▶ Available data:
☆ ☆ ☆ ☆ ☆ ☆ ☆
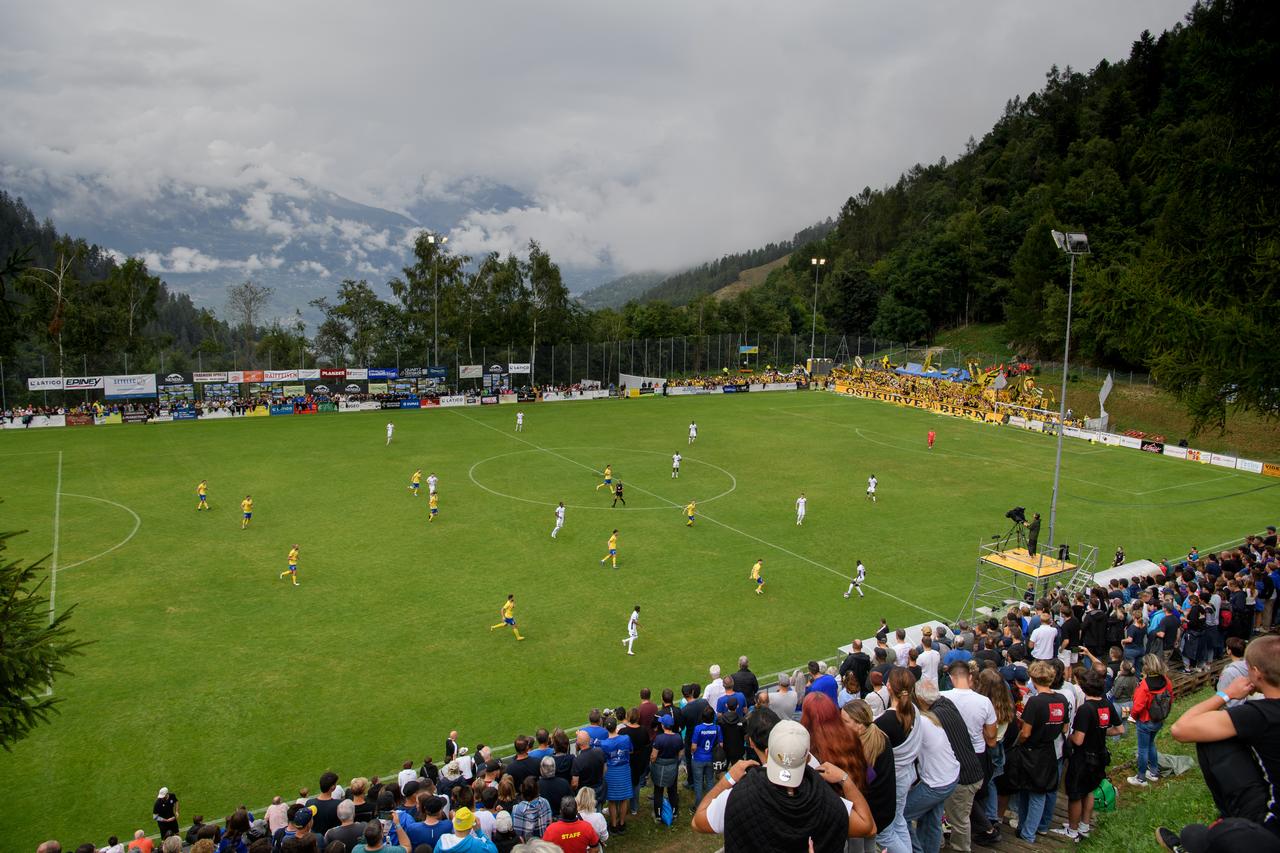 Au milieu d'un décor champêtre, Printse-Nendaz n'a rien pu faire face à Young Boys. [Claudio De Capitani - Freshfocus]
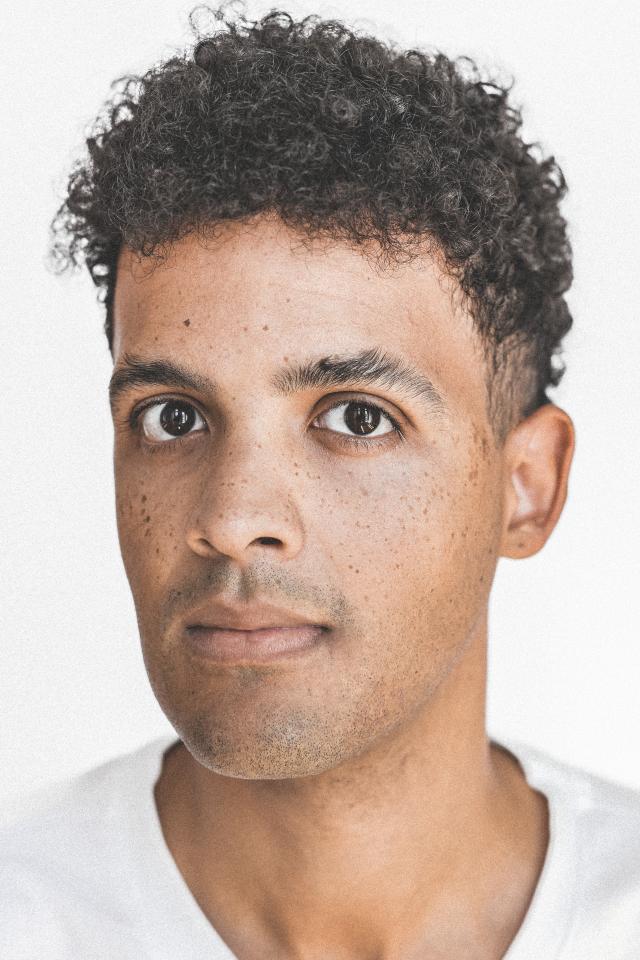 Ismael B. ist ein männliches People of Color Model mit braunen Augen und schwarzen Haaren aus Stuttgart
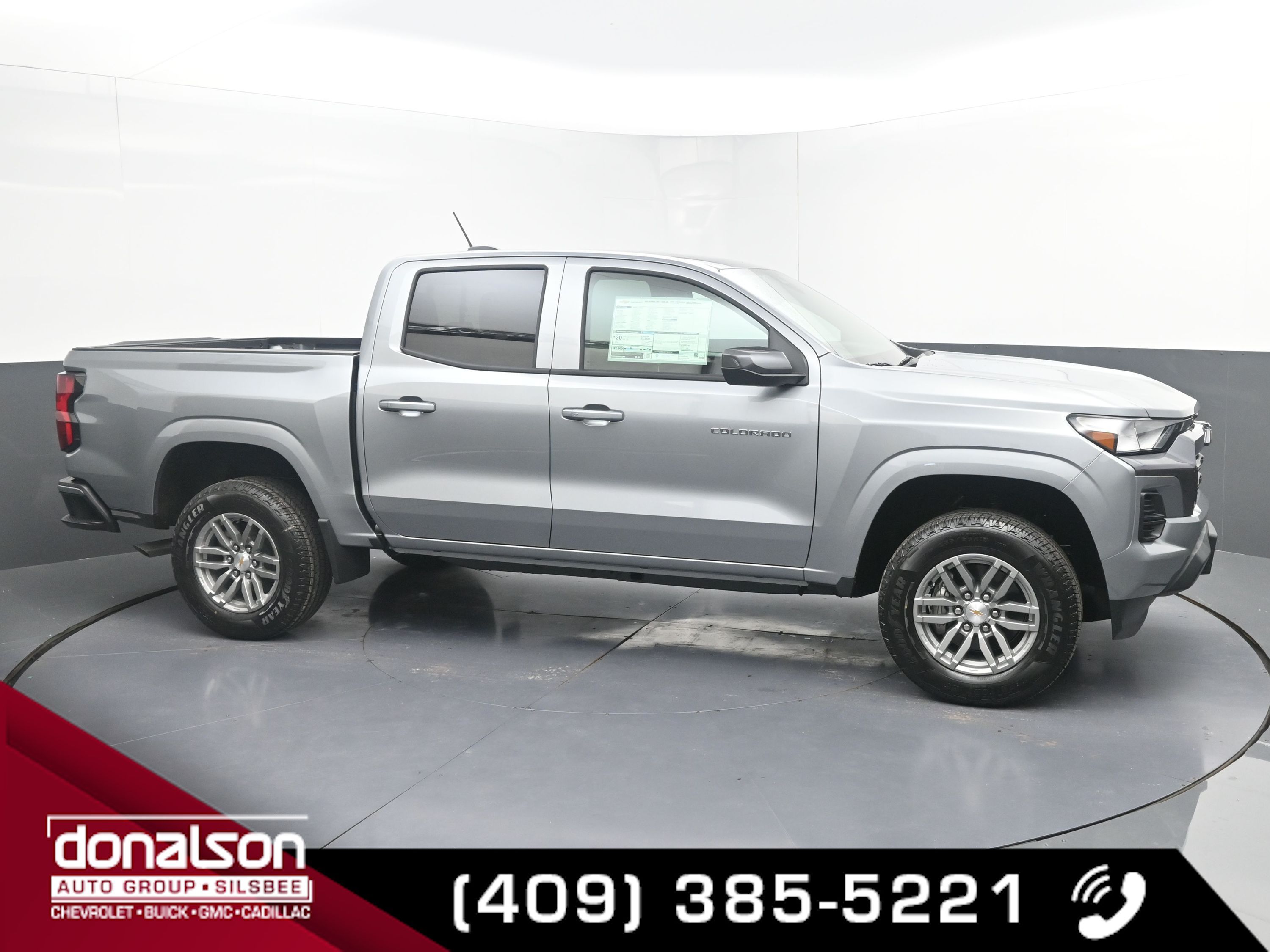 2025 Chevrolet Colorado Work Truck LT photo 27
☆ ☆ ☆ ☆ ☆ ☆ ☆
▶ Assignment: Before copying the data, remove the pictures. Then repeat the rest exactly.

▶ Result for this exercise:
 Au milieu d'un décor champêtre, Printse-Nendaz n'a rien pu faire face à Young Boys. [Claudio De Capitani - Freshfocus]
 Ismael B. ist ein männliches People of Color Model mit braunen Augen und schwarzen Haaren aus Stuttgart
 2025 Chevrolet Colorado Work Truck LT photo 27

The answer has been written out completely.